Yes, the objects, interiors or landscapes I paint are usually reminiscent of the past. I think that impression mentioned above is caused by the awareness that the function of those things, so to say, their role in everyday life has changed. Whenever consciousness comes across the difference (or the absence) in the function or nature of things, even though their physical appearance remains roughly the same, in the mind’s eye they appear ghost-like. I am referring here to the context of the commonplace. Also, old things have a certain charge, scars, traces of usage. I am particularly interested in interiors or details that attest to changes to everyday routines, customs or events of the past. I see these things and interiors like shells or discarded skin, testifying to the fact that something has been, but isn’t (like that) any more. These things are not necessarily from the Soviet era, as I am not concerned with any particular period, unless in the sense that my work includes place-specific images, that is, the main resource for my paintings is directly accessible environment, bound to place and the living time as well as “live” memory of three to four generations. Through painting, I attempt to contemplate and articulate the experience of time, by choosing everyday objects that are still present in our surroundings and our manifold memory, and yet do not function (in the same way) any more. What’s more, I observe ‘how’ the viewer recognises them, how over time, not only his own gaze, but those of different generations, is changing. That’s what attests to time and is a possible way to perceive it, I think. So I wouldn’t say that I eliminate today’s objects; it’s just that I am interested in the objects that call out for a multitude of memory-related interpretations. And that’s where the state of experiencing parallel times originates: past is absent, and yet the object in front of you forbids you to doubt its existence.
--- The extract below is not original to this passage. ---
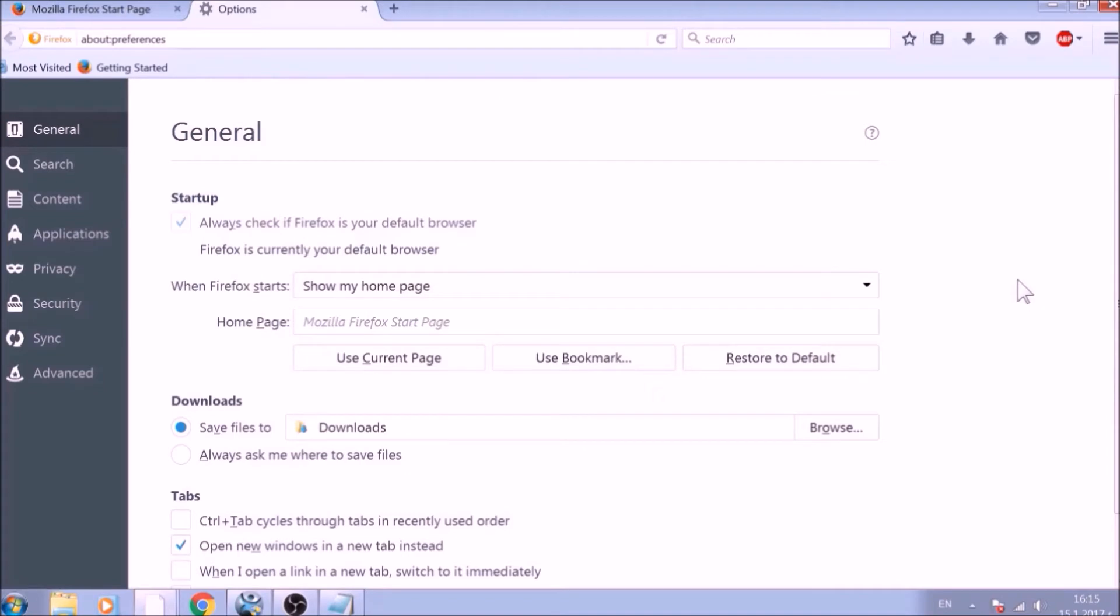To change your homepage default, click on the Restore to Default button under the Homepage bar.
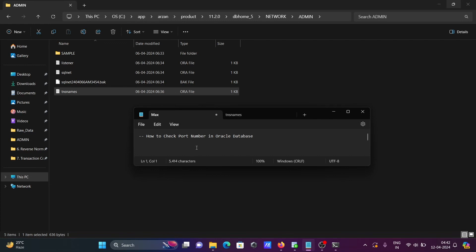This is how we can find the port number in Oracle Database. I hope this video is helpful for you. Thanks for watching, see you next week!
KR: In the article ‘The Aesthetic Revolution and its Outcomes’ (2002), Rancière says that these days an artist who works in the aesthetic mode works not only like an archaeologist, digging up fossils in order to reveal their poetic potential, but also as a kind of symptomatologist, rooting around in society’s dark side, or the unconscious, and deciphering the messages hidden inside the very flesh of everyday objects. For Rancière, this action not only makes them intelligible or as a part of the presence, but it also holds the promise of the future. What do you think about that? Does that resonate with your creative practices?

EU: Yes, that’s close to what I am trying to consider and question in my work. I apply analogy from archaeology in creative research of everyday surrounding. Things as well as the living environment are utensils of human activity that, like archaeological finds, help to uncover the underlying intentions.  Material culture is a tangible residue of the past. And while things themselves are still reminiscent of the past, in the present they live independently from lives of their makers and users – a kind of descent life. We can call them remains. The Lithuanian word palaikai, “the remains” in English, in both languages refer to verb “hold”. Therefore, it’s possible to say that things, or the material culture in general, is something that holds the past. I regard my paintings as visible remains for painted bodies of things to take shelter in.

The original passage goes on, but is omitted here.